Page MenuHomePhabricator

Allow certain DAGs to be ignored when creating an airflow development environment
Closed, ResolvedPublic

Description

When working on writing/modifying an Airflow DAG, it has become customary to rely on development environments (also called airflow devenvs) to perform end-to-end testing of the patch being worked on.

These instances can be created and deleted at will, and will be configured as close as the original instance. For example, when creating an airflow devenv when working on a DAG under the test_k8s root folder, the configuration for the airflow-test-k8s instance will be used, in order for the devenv instance to behave as close as the "real" one.

One recurring issue that we've seen is the time it takes to serialize all dags defined under that root folder, especially for instances with a lot of DAGs defined.

To ensure the fastest feedback loop possible, we'd need to introduce a flag to the airflow-devenv create command that would specify the path of the DAG currently being worked on, which would then be injected as a helm value, and used by the airflow chart to restrict the set of files being pulled by gitsync when performing a sparse checkout.

Ideally, we could also infer this value at runtime by listing the files being modified in the branch being passed to airflow-devenv create --branch and automatically do The Right Thing ™ . If we're going this way, we may even think about inferring the value of the airflow-devenv create --dags-folder argument the same way.

Definition of done:

  • A new airflow-devenv version is deployed where a user is given the option to specify the DAGs they'd like to be serialized
  • A demo is communicated broadly (either pre-recorded or live) to the DPE population
  • Instructions are added to the airflow-devenv README and wiki as to how to test changes in the CLI before releasing them as a new deb version

Additional reading:

Details

Event Timeline

Thank you for tagging this task with good first task for Wikimedia newcomers!

Newcomers often may not be aware of things that may seem obvious to seasoned contributors, so please take a moment to reflect on how this task might look to somebody who has never contributed to Wikimedia projects.

A good first task is a self-contained, non-controversial task with a clear approach. It should be well-described with pointers to help a completely new contributor, for example it should clearly point to the codebase URL and provide clear steps to help a contributor get set up for success. We've included some guidelines at https://phabricator.wikimedia.org/tag/good_first_task/ !

Thank you for helping us drive new contributions to our projects <3

atsuko changed the task status from Open to In Progress.EditedApr 7 2026, 2:52 PM
  1. located the definition of sparse checkout file
  2. testplan: ~/airflow-devenv/airflow_devenv/cli.py create --charts-dir ~/deplo...
  3. checking out selected set of files need to consider all dependencies, which is generally impossible (but I'll assume no-one will do dynamic includes), and also non-deterministic (better be done with strict and hermetic build systems). I am researching if
    • there is a better way to limit DAG visibility in the airflow,
    • there is a way to quick-check dependencies.

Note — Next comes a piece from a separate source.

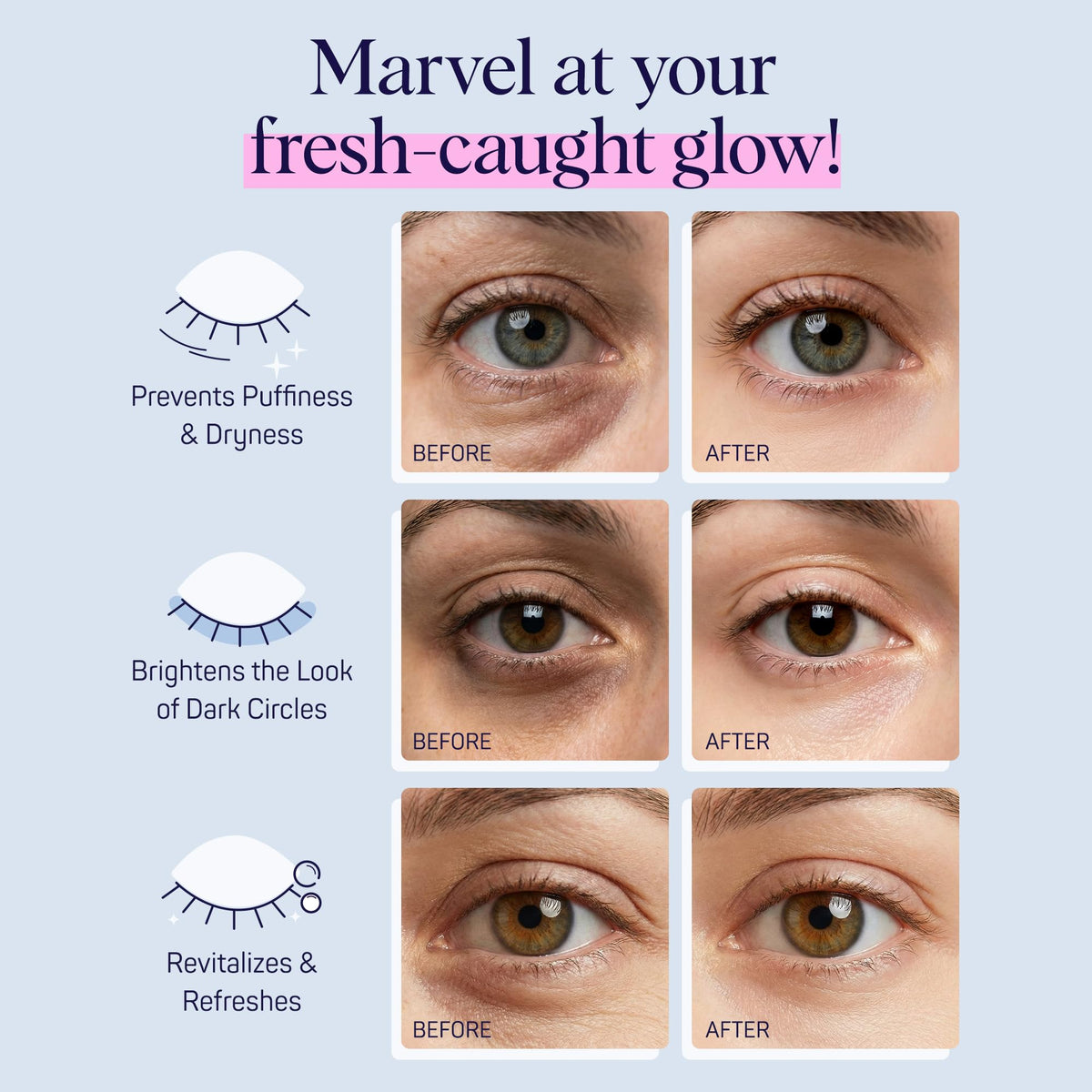 SpaLife under eye patches with hyaluronic acid and niacinamide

Change #1268951 had a related patch set uploaded (by Atsuko; author: Atsuko):

[operations/deployment-charts@master] airflow: dag filter helper function

https://gerrit.wikimedia.org/r/1268951

I'm using config.core.might_contain_dag_callable hook to filter through all the files airflow scheduler considers for serialisation. This approach doesn't limit what files will materialise from git, therefore user can safely depend on any file inside the repo,

There is a airflow-devenv counter-part almost up for review, I'm finishing actual filtering code in the airflow deployment and it will be ready today or tomorrow.

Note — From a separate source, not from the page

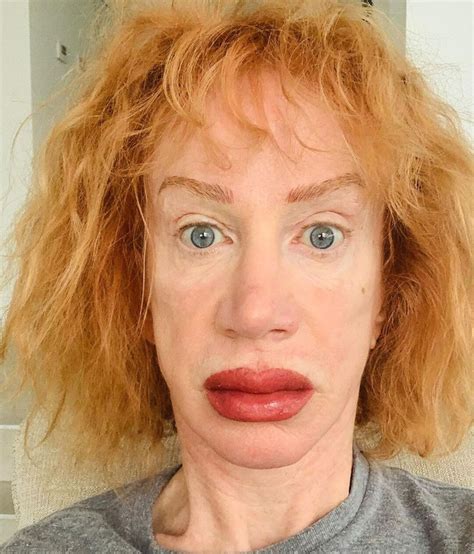 Kathy Griffin Shocks Fans After Showing The Result Of Her Lip Tattoo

Change #1268951 merged by jenkins-bot:

[operations/deployment-charts@master] airflow: dag filter helper function

https://gerrit.wikimedia.org/r/1268951

Todo:

  1. Update docs in README and on wikitech
  2. Release the deb
  3. Rollout the deb
  4. Announce and demo
atsuko@apt1002:~$ sudo -i reprepro ls airflow-devenv
airflow-devenv | 0.0.20 | bullseye-wikimedia | amd64, i386
airflow-devenv | 0.0.20 | bookworm-wikimedia | amd64, i386

Recorded a demo, gonna present on DPE meetings this and next week

atsuko triaged this task as Low priority.
atsuko closed this task as Resolved.